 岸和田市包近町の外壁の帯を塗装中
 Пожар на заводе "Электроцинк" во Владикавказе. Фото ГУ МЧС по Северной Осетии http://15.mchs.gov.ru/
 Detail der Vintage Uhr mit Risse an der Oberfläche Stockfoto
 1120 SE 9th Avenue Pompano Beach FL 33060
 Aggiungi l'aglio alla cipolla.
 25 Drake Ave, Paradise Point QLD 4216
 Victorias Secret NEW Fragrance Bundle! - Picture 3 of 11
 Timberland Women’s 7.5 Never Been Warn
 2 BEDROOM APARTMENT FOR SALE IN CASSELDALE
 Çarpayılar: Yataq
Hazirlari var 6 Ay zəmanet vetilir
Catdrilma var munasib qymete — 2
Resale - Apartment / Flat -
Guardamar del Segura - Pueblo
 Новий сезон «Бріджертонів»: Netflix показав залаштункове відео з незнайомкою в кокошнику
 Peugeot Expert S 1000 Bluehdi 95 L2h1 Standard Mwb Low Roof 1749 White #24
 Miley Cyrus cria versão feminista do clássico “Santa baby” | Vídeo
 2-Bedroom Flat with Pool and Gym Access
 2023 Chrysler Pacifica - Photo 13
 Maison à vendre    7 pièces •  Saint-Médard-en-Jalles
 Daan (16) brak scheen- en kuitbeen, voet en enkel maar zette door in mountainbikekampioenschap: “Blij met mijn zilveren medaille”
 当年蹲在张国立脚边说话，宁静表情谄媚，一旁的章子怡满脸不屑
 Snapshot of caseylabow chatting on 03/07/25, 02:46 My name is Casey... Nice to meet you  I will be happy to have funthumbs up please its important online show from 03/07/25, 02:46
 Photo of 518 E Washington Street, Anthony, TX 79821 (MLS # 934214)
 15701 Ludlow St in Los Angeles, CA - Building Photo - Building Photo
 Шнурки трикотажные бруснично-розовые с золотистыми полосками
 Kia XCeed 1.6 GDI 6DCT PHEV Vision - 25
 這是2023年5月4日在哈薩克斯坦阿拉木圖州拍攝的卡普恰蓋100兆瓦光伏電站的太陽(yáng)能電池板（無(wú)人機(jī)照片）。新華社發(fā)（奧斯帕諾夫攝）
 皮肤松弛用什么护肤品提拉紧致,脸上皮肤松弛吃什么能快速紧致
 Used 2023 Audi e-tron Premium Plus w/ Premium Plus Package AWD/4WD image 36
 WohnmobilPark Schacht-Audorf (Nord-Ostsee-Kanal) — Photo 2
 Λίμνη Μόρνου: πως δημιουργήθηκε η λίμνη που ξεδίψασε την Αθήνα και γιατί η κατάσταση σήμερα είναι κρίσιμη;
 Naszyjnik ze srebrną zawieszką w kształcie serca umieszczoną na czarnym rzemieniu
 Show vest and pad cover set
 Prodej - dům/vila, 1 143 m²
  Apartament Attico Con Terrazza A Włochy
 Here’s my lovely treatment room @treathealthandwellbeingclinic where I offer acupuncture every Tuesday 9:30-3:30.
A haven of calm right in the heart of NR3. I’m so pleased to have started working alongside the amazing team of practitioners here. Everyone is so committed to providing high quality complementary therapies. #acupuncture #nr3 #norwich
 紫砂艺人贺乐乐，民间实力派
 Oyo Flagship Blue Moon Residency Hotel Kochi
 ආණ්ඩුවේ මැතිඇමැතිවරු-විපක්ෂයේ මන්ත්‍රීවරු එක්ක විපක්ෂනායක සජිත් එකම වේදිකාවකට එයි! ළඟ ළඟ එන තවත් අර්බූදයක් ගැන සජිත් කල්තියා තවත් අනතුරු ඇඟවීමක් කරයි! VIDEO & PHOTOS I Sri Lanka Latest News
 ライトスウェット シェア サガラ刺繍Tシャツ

**Assignment:** What you give back should be the full listing, copied exactly.

**The completed task:**
 岸和田市包近町の外壁の帯を塗装中
 Пожар на заводе "Электроцинк" во Владикавказе. Фото ГУ МЧС по Северной Осетии http://15.mchs.gov.ru/
 Detail der Vintage Uhr mit Risse an der Oberfläche Stockfoto
 1120 SE 9th Avenue Pompano Beach FL 33060
 Aggiungi l'aglio alla cipolla.
 25 Drake Ave, Paradise Point QLD 4216
 Victorias Secret NEW Fragrance Bundle! - Picture 3 of 11
 Timberland Women’s 7.5 Never Been Warn
 2 BEDROOM APARTMENT FOR SALE IN CASSELDALE
 Çarpayılar: Yataq
Hazirlari var 6 Ay zəmanet vetilir
Catdrilma var munasib qymete — 2
Resale - Apartment / Flat -
Guardamar del Segura - Pueblo
 Новий сезон «Бріджертонів»: Netflix показав залаштункове відео з незнайомкою в кокошнику
 Peugeot Expert S 1000 Bluehdi 95 L2h1 Standard Mwb Low Roof 1749 White #24
 Miley Cyrus cria versão feminista do clássico “Santa baby” | Vídeo
 2-Bedroom Flat with Pool and Gym Access
 2023 Chrysler Pacifica - Photo 13
 Maison à vendre    7 pièces •  Saint-Médard-en-Jalles
 Daan (16) brak scheen- en kuitbeen, voet en enkel maar zette door in mountainbikekampioenschap: “Blij met mijn zilveren medaille”
 当年蹲在张国立脚边说话，宁静表情谄媚，一旁的章子怡满脸不屑
 Snapshot of caseylabow chatting on 03/07/25, 02:46 My name is Casey... Nice to meet you  I will be happy to have funthumbs up please its important online show from 03/07/25, 02:46
 Photo of 518 E Washington Street, Anthony, TX 79821 (MLS # 934214)
 15701 Ludlow St in Los Angeles, CA - Building Photo - Building Photo
 Шнурки трикотажные бруснично-розовые с золотистыми полосками
 Kia XCeed 1.6 GDI 6DCT PHEV Vision - 25
 這是2023年5月4日在哈薩克斯坦阿拉木圖州拍攝的卡普恰蓋100兆瓦光伏電站的太陽(yáng)能電池板（無(wú)人機(jī)照片）。新華社發(fā)（奧斯帕諾夫攝）
 皮肤松弛用什么护肤品提拉紧致,脸上皮肤松弛吃什么能快速紧致
 Used 2023 Audi e-tron Premium Plus w/ Premium Plus Package AWD/4WD image 36
 WohnmobilPark Schacht-Audorf (Nord-Ostsee-Kanal) — Photo 2
 Λίμνη Μόρνου: πως δημιουργήθηκε η λίμνη που ξεδίψασε την Αθήνα και γιατί η κατάσταση σήμερα είναι κρίσιμη;
 Naszyjnik ze srebrną zawieszką w kształcie serca umieszczoną na czarnym rzemieniu
 Show vest and pad cover set
 Prodej - dům/vila, 1 143 m²
  Apartament Attico Con Terrazza A Włochy
 Here’s my lovely treatment room @treathealthandwellbeingclinic where I offer acupuncture every Tuesday 9:30-3:30.
A haven of calm right in the heart of NR3. I’m so pleased to have started working alongside the amazing team of practitioners here. Everyone is so committed to providing high quality complementary therapies. #acupuncture #nr3 #norwich
 紫砂艺人贺乐乐，民间实力派
 Oyo Flagship Blue Moon Residency Hotel Kochi
 ආණ්ඩුවේ මැතිඇමැතිවරු-විපක්ෂයේ මන්ත්‍රීවරු එක්ක විපක්ෂනායක සජිත් එකම වේදිකාවකට එයි! ළඟ ළඟ එන තවත් අර්බූදයක් ගැන සජිත් කල්තියා තවත් අනතුරු ඇඟවීමක් කරයි! VIDEO & PHOTOS I Sri Lanka Latest News
 ライトスウェット シェア サガラ刺繍Tシャツ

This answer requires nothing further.